MKV format, nobody fucking cares!

Why not just download the mkv and use a program to convert containers? It’s not like changing the container takes that long, it’s not like rendering or re-encoding.

I render all my videos in an mkv container, but that’s mostly because it seems to be MeGui’s default and the videos go straight to Youtube which processes them into something else anyway.

(Strictly speaking, I render on-demand to a frame server in Lagarith YV12 because it matches the colorspace I record in, then re-encode with MeGUI via an AVISynth script into a muxed MKV with h.264 video and Nero AAC audio, but since I use an on-demand frame server it’s easier to just say I render into an MKV)

Please note the date of my OP, and that in the meantime it seems the scene has moved to yet another container format and codec for live TV releases .mp4 at least going by scene sites.
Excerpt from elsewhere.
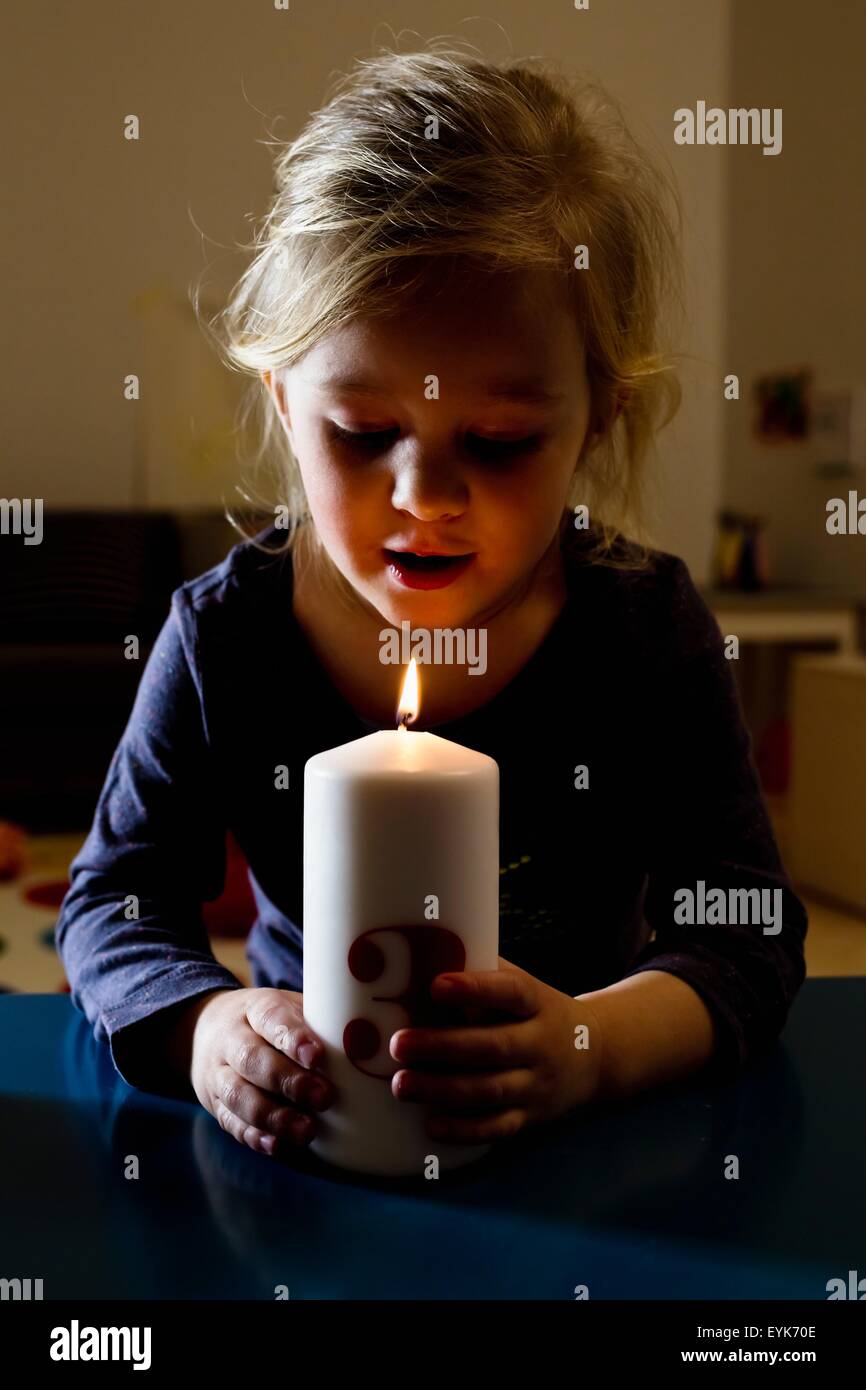 Girl holding lit candle in dark Stock Photo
There’s also hearing impaired people for whom it might be nice to have a subtitle track.

But I guess we’re just telling those guys to go fuck themselves.

I guess there are also those people who like listening to commentary tracks, too. But they smell bad.
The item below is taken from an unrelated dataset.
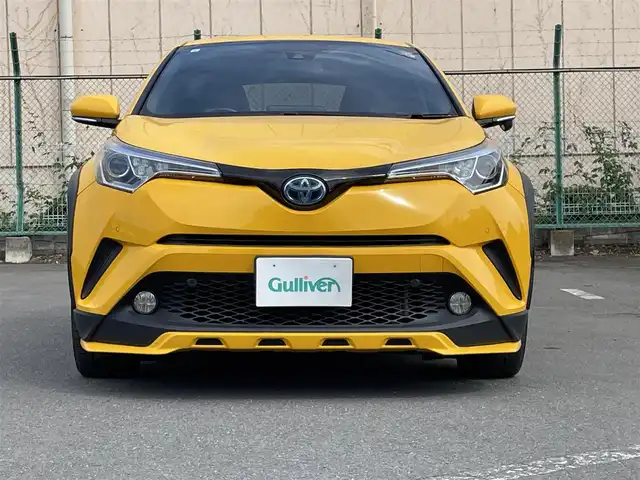 トヨタ Ｃ－ＨＲ G 東京都 2017(平29)年 10.7万km イエロー ワンオーナー/純正ナビ/フルセグ/CD/DVD/AM/FM/BT/追従クルコン/ＬＡＴ/シートヒーター/純正アルミ/ＥＴＣ/純正フロアマット/ＡＣ１００Ｖ/ステアリングスイッチ/ドライブモード/横滑り制御機能/ヘッドライトレベライザー/SRSエアバック（運転席/助手席）/車両接近警報/オートマチックハイビーム/ドアバイザー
You’re right. Someone who’s only been doing video tech and production since 1987 should just sit down, shut up and let the 15yos with the newest toys rule the discussion.

The only thing I don’t like about MKV is that it doesn’t well well with most (any?) video editing programs. Rewrapping is a minor hassle though, nothing pitchfork worthy.

Looking it up, MKV’s been around since 2002 AD. ‘New’ seems very relative.
All the cool kids are voting for those exciting young Clintons recently.

As does your sense of “new.”

Since this entire thread is essentially about video pirating on a mass scale, I’m not sure why it’s tolerated even in the Pit, and in any case, the tribulations of anime pirates and torrent wankers doesn’t have a violin small enough to play for.

Oh, come now. Surely you have a tiny enough instrument.

Only a mighty organ. Sorry.

MKV is a container, just like AVIs, WAVs and TIFFs. I am sure it is useful for piraters, but it’s rather doubtful this is it’s main — let alone intended — purpose.
However videos are obtained, the ineluctable future is that watching them directly from a hard disk will always be used compared to using optical media such as CDs and DVDs or other form of distribution. Therefore container formats — and those non-containerized formats for direct play even — are essential, since just as film-makers moved from reel film to video etc., films are likely be be shot and distributed entirely in computer formats.